Museum plans progress forwardPublished 6:08pm Thursday, July 12, 2012
The southwest Michigan museum, formerly housed on the Dowagiac campus of Southwestern Michigan College, is moving steadily toward its new home in the former Behnke Paint and Floor Covering building on Railroad Street.
In a recent update on the project from City Manager Kevin Anderson, plans to move the museum to the new space, which is more than double the size of its original location, are moving forward at a steady pace. A grant application for $68,000 is also in the process of being modified after the state increased the grant pool from $1 million to $10 millon.
“Because the funding amount was changed, we can update and modify our application,” Anderson said. “We have until the 27th of this month to submit the new application.”

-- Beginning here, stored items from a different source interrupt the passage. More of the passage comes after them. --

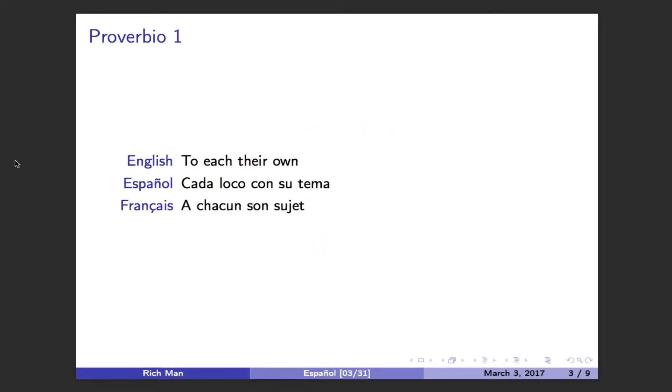Today it's seven proverbs. Hoy es siete proverbios.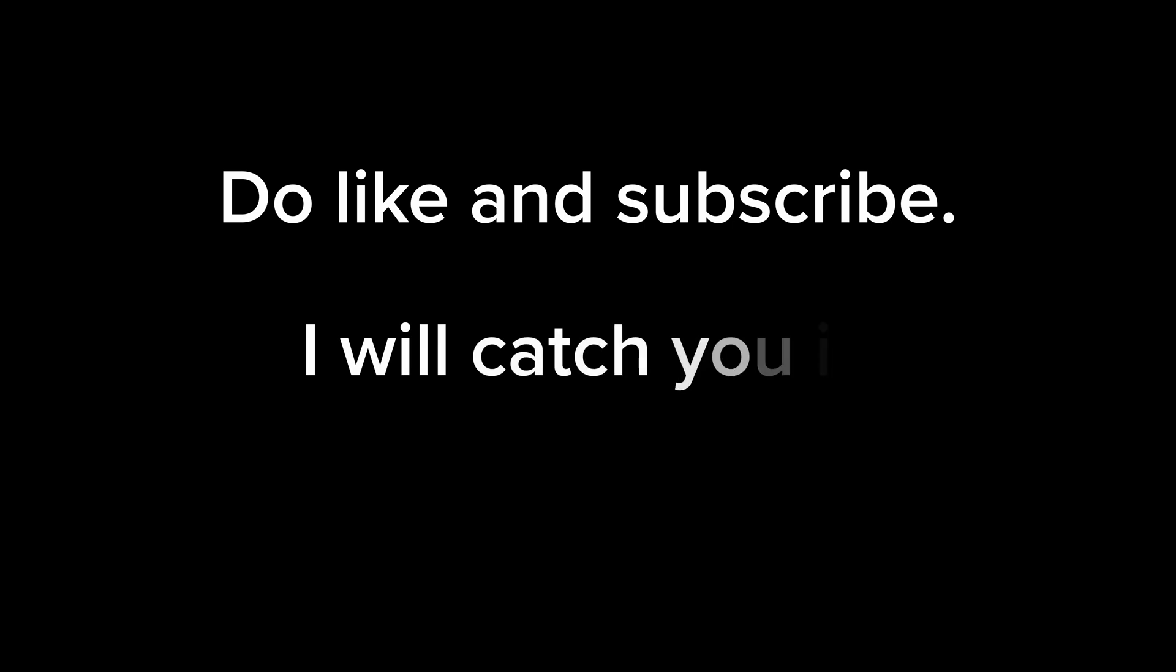This was streaming in Next.js. If you find this video valuable, please like and subscribe, and I'll catch you in the next one.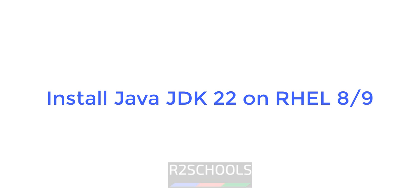Hello guys, in this video we will see how to install Java JDK 22 on Red Hat Enterprise Linux 9. But the process is same for RHEL 8 or 9.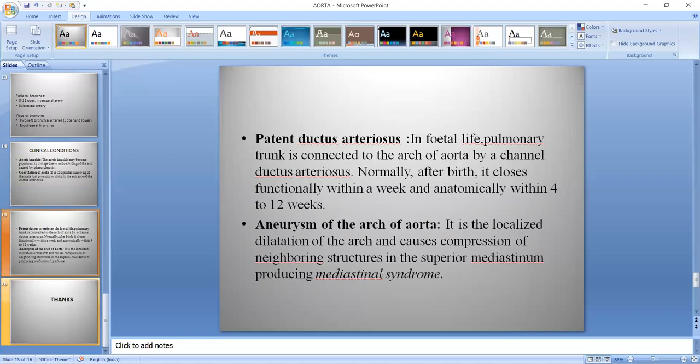So we have discussed all aspects of the Aorta. If you have any queries or doubts, please contact me or write them down below. Thank you so much.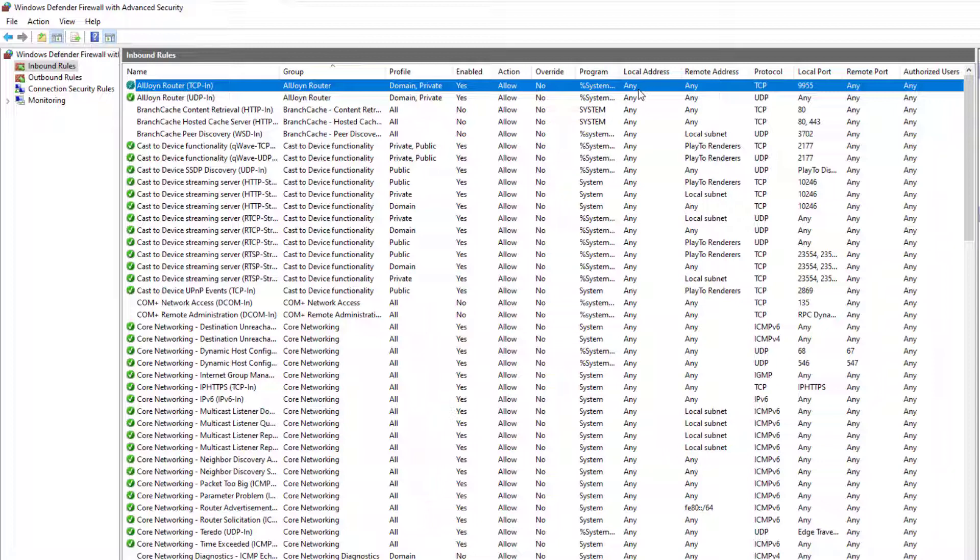The local address shows the local IP address on which we allow or deny the traffic. The server may have several network interfaces with several IP addresses in some cases. So you can apply the rule on a specific IP or to all IPs by choosing any.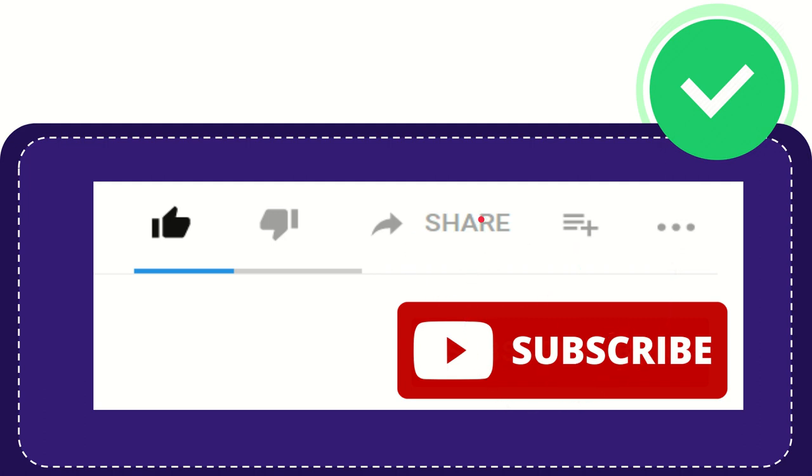I think that's all. Thank you so much for watching this video, and see you again in another video.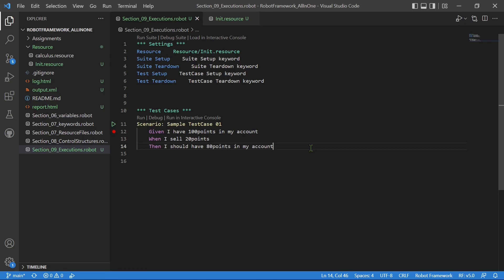Only if you have used Cucumber and want a similar structure with Robot Framework, if your business wants your test cases in the similar structure, then you can use those with Robot Framework as well.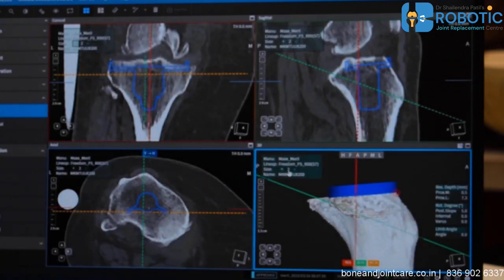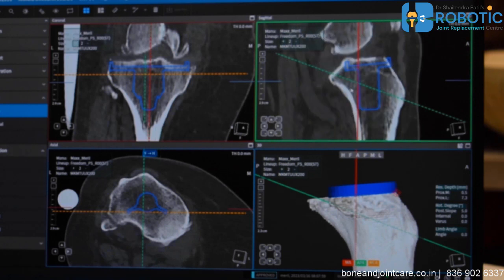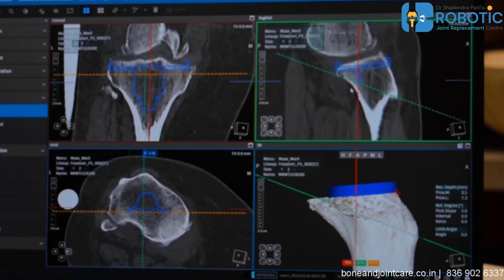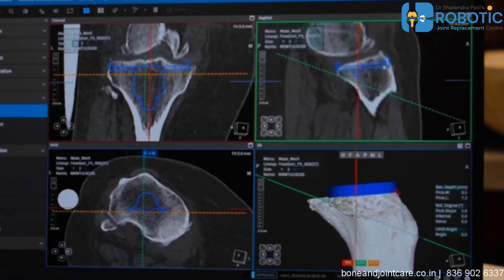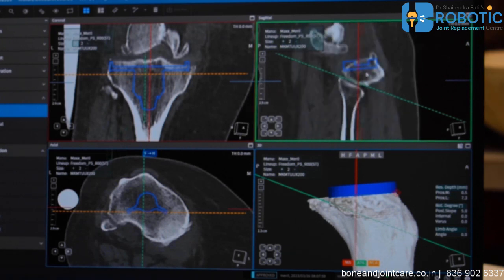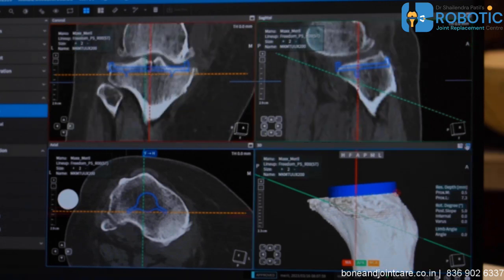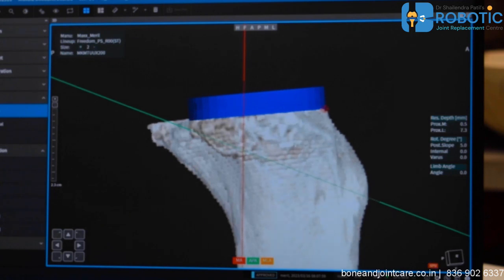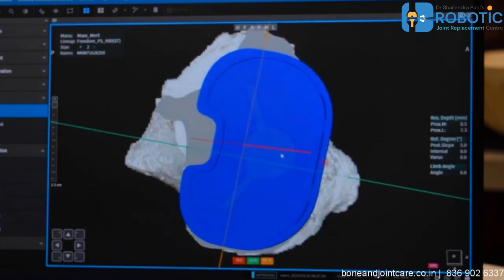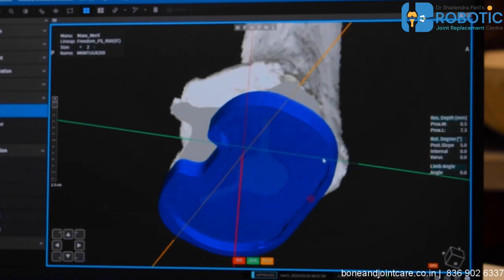The system shows, for example, a size 2 TBL base plate will be used. I can view this across all windows to see how it fits, match the slope and size as per the tibial bone CT cuts. I can enlarge any window and see how the implant fits from all directions, which is not possible with first or second generation robotic systems.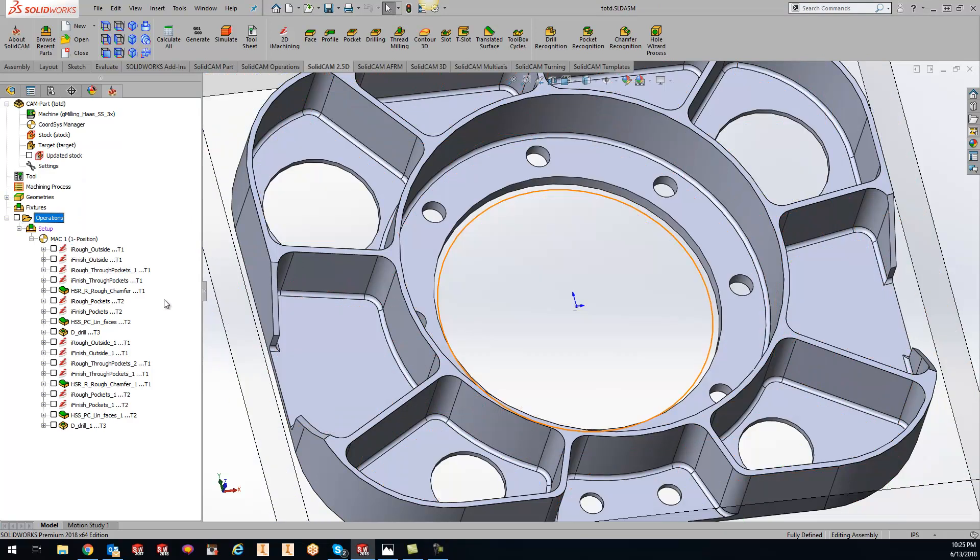Hey guys, Kevin here with your KevCam tip of the day. What I want to show you today is how you can easily move around operations in your tree without having to redo anything or redo any of your programming.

Anderson said the funding, if granted, would cover the expenses of the city purchasing the building for $17,000, putting updated fiber optics in the new facility and moving the artifacts.
“The museum is officially closed now, and they’ve boxed up the exhibits and will begin the process of moving them,” Anderson said.
The new building is undergoing a gutting process, with crews ripping out anything and everything to get the space back to bare walls. According to Anderson, the space will allow museum exhibits to inhabit the first floor and basement, with the second floor left open.
“We’re doing things in pieces, which is good to do with projects like this,” Anderson said. “If you don’t, you leave too little flexibility for the future.”
Anderson also said the city is continuing to look at other grants to fund upgrades to the space, including elevator installation and extension of the downtown brand to include the new area.
“The front will include stone and black glass, which will look like windows,” Anderson said. “We also hope to acquire grants that help us place further signage and landscaping to continue the whole package.”
During the City Council meeting Monday evening, Anderson also announced City Clerk Jim Snow and his family donated $1,000 to the project. Anderson said the city hopes that once the project is progresses, others will donate, too.
“I’ve had a few modest inquires,” Anderson said.
After the grant application has been submitted, Anderson said the turn-around will be quick.
“By the end of August or early September, we should know the state’s decision,” Anderson said.